RADARBANTEN.CO.ID – Mudik, dalam Kamus Besar Bahasa Indonesia memiliki dua arti.
Pertama, mudik yang berarti berlayar atau pergi ke udik. Udik di sini diartikan sebagai hulu sungai atau pedalaman.
Arti mudik selanjutnya adalah pulang ke kampung halaman.
Dua arti di atas merupakan etimologi yang didasarkan pada setidaknya tiga teori. Teori pertama, kata “mudik” berasal dari kata “udik”. Artinya, Selatan atau hulu.
Sejarahnya, sebelum terjadi urbanisasi besar-besaran di Jakarta, banyak wilayahnya dengan nama akhir udik atau ilir. Ilir berarti Utara atau hilir. Contohnya, Meruya Udik, Meruya Ilir.
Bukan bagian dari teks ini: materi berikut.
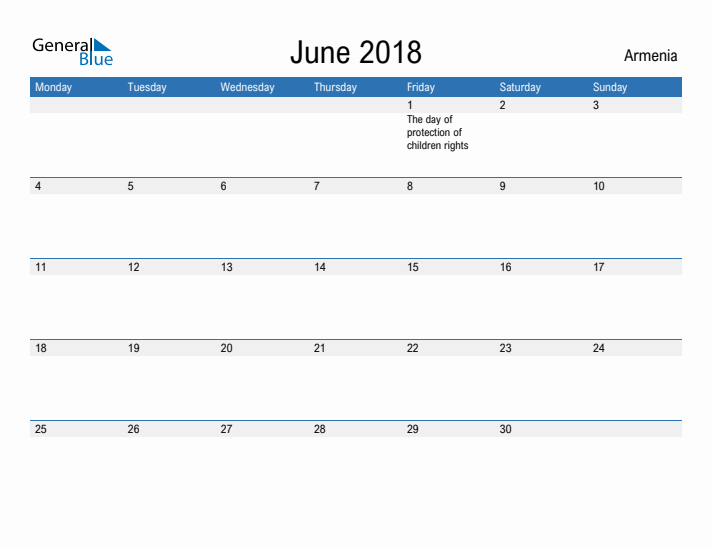 Fillable June 2018 Calendar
Teori selanjutnya adalah berdasarkan aktivitas pengiriman hasil bumi ke Jakarta ketika masih bernama Batavia.
Saat itu, suplai hasil bumi ke Jakarta berasal dari wilayah di luar tembok kota sebelah Selatan Batavia.
Petani dan pedagang dari luar tembok kota Batavia itu memasok hasil bumi menggunakan perahu melalui sungai. Itu sebabnya ada nama wilayah terkait tumbuhan seperti Kebon Jeruk, Kemanggisan, Kebon Nanas, Duren Sawit.
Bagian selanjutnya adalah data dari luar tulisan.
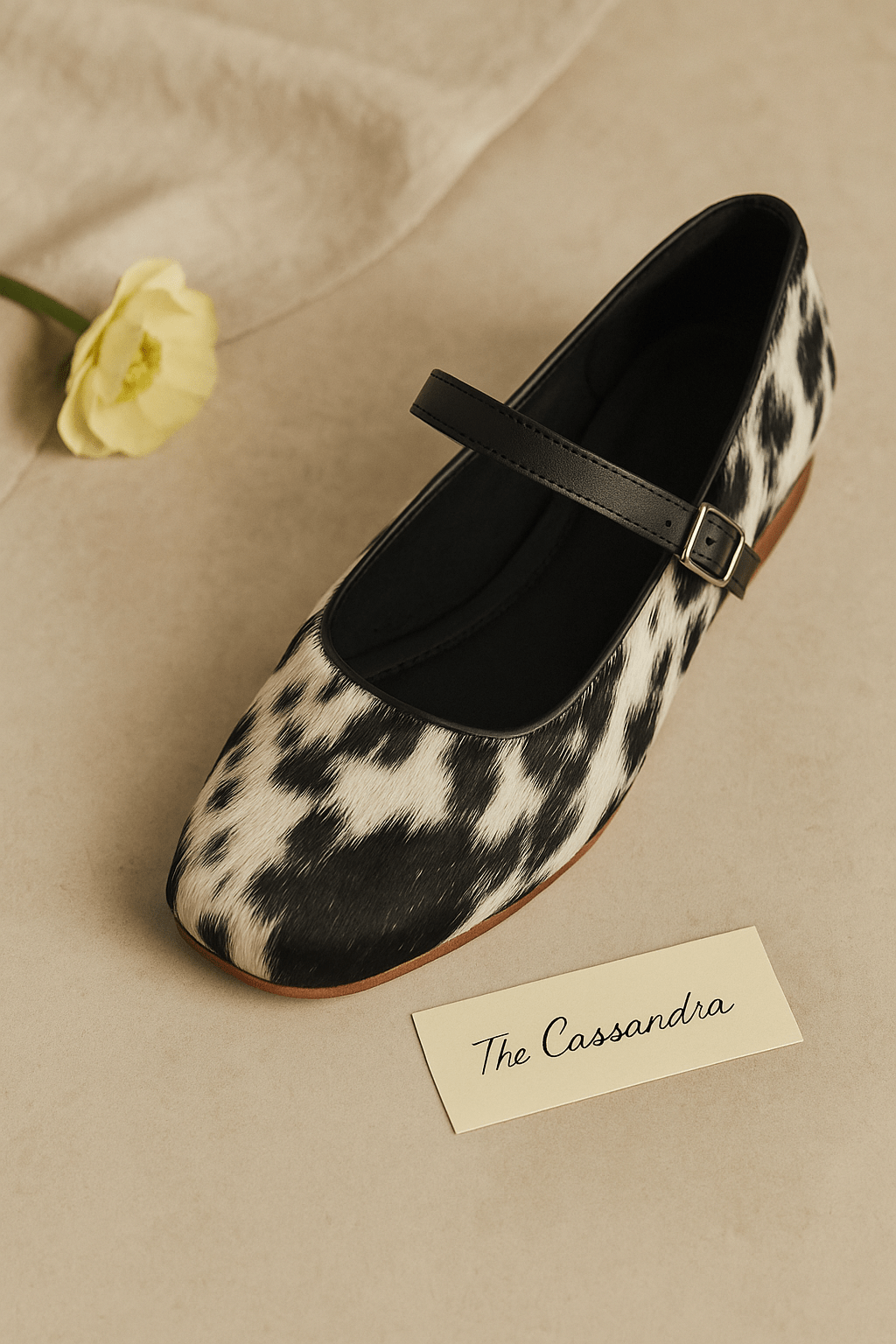 the cassandra cowhide flats - mary jane styles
Dari situ muncul istilah milir-mudik yang artinya bolak-balik. Mudik diartikan menuju udik kembali setelah saat petani dan pedagang menjual hasil bumi di Batavia.
Teori terakhir adalah bahwa kata “mudik” berasal dari akronim dua kata dalam bahasa Jawa. Yakni, “mulih disik” yang artinya pulang dahulu.
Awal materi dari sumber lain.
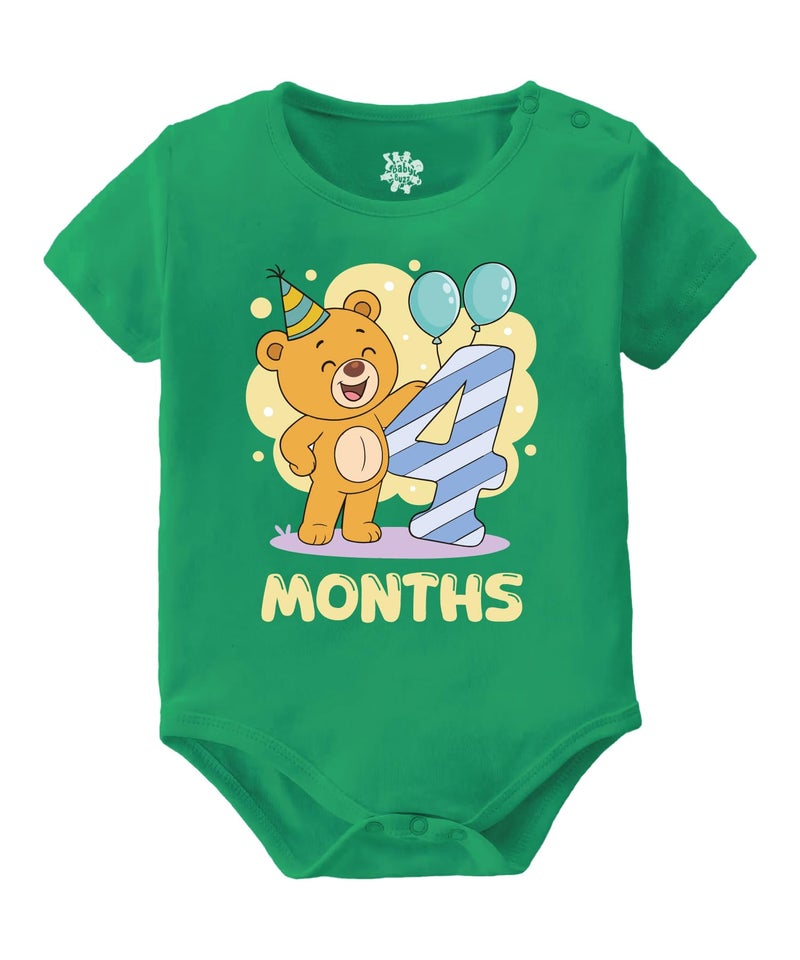 Baby Buzz 4 Months Teddy Bear Baby Milestone Dress– Cute Monthly Photoshoot Outfit | Baby Birthday Romper | 100% Cotton Bodysuit for Baby Boy & Girl (4 Months, Green, 3-6 Months) - Image 1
Teori ketiga ini memang belum bisa dipastikan kebenarannya. Namun, disebutkan sudah beredar luas. Terutama di kalangan masyarakat Jawa.
Seiring berjalannya waktu, muncul tradisi mudik. Fenomena perpindahan para urban dalam jumlah besar dari wilayah perkotaan ke perdesaan. Sesuatu yang luar biasa, yang cuma di Indonesia itu, terjadi ketika merayakan Idul Fitri.
Dikutip RADARBANTEN.CO.ID dari Historia.id, sejarawan Muhammad Yuanda Zara menyatakan bahwa tradisi mudik di masyarakat terjadi setelah Indonesia merdeka. Tepatnya, pada tahun 1950-an. Saat itu, pusat dari fenomena mudik ini adalah di Jakarta. Dan, itu terjadi sampai sekarang.
Dalam dialog “Serba-serbi Mudik Sejak Dahulu Kala” itu, Yuanda Zara mengatakan bahwa jumlah penduduk Jakarta antara tahun 1948-1949 hanya 800 ribu jiwa. Namun, setelah tahun 1950-an melonjak menjadi 1,4 juta jiwa.
Penambahan jumlah penduduk Jakarta ini terjadi setelah pemerintah memindahkan kembali ibukota Indonesia dari Yogyakarta ke Jakarta. Otomatis, pada tahun 1950-an itu pemerintah memfokuskan pembangunannya di Jakarta.
Kondisi itu menjadi magnet bagi masyarakat di luar Jakarta. Pendatang dari Jawa Barat, Jawa Tengah, dan Jawa Timur yang secara ekonomi kurang berkembang -terutama Jawa Barat karena pemberontakan Sekarmadji Marijan Kartosoewirjo dengan DI/TII-nya- berdatangan.
Mereka berharap mendapatkan pekerjaan dari pembangunan jalan raya, fasilitas umum, dan gedung-gedung di Jakarta.
Setelah beberapa tahun tinggal di Jakarta, pendatang yang sebagian mendapatkan pendidikan yang baik di kampungnya, dan sebagian lain merupakan buruh kasar, punya kerinduan dengan kampung halamannya.